Answering a challenge from CDnow and perhaps hinting at a future direction of its site, Amazon.com launches a digital downloads area within its music store.

    Answering a challenge from CDnow and perhaps hinting at a future direction of its site, Amazon.com launched a digital downloads area within its music store yesterday, providing free full-length songs from major recording artists.

    The new area comes three weeks after CDnow launched its revamped site, following its merger with N2K. CDnow claims to offer customers thousands of sound samples in Real Audio and MP3 formats.

    Like CDnow, Amazon already offers numerous sound clips for the CDs it sells. Last month, it allowed customers to download two songs from Sarah McLachlan's "Mirrorball" album in Liquid Audio Format. But this is the first time the site has offered a collection of full-length songs for download.

    However, the collection of songs is modest. Amazon's free downloads area offers some 25 songs from 14 artists including McLachlan, Lyle Lovett, Public Enemy, Cowboy Junkies, and Cheap Trick.

    Almost all of the songs are available in Liquid Audio Format.
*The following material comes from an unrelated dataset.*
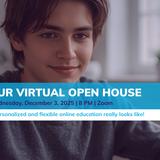 Score Academy Online Photo - Join our virtual open house! Register here: https://bit.ly/Score-Academy-Online-Open-House-2025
Some are also offered as MP3 files.

    Amazon said in a press release that it planned to expand the number of tracks available in the future.

    Of course, digital downloads of full-length songs are not new. Numerous Netizens have used the MP3 format to upload pirated songs and albums to the Net. And artists such as Public Enemy, Tom Petty, and Counting Crows have made music available through MP3 and other music formats.

    Meanwhile, sites such as MP3.com and Lycos provide links to and collections of songs in MP3 format.

    But Amazon's site is one of the first to try to use free full-length downloads as a way of encouraging customers to buy CDs. Amazon has already jumped into the lead in online music sales after entering the area last June.

    Financial analyst Derek Brown of Volpe Brown Whelan, suggested in an interview last month with CNET News.com that eventually Amazon might be selling digital products instead of physical ones.

    "Books, music, and videos are ultimately digitally downloadable," Brown said.

    Amazon spokesman Paul Capelli said that while the company did plan to sell digital downloadable music in the future, the music industry first needed to make more music available in digital form and needed to figure out the security issues involved in digital downloads. For now, Capelli said, the full-length free downloads would be used to promote upcoming CDs.

    "As a promotional vehicle, right now, they're very effective," Capelli said.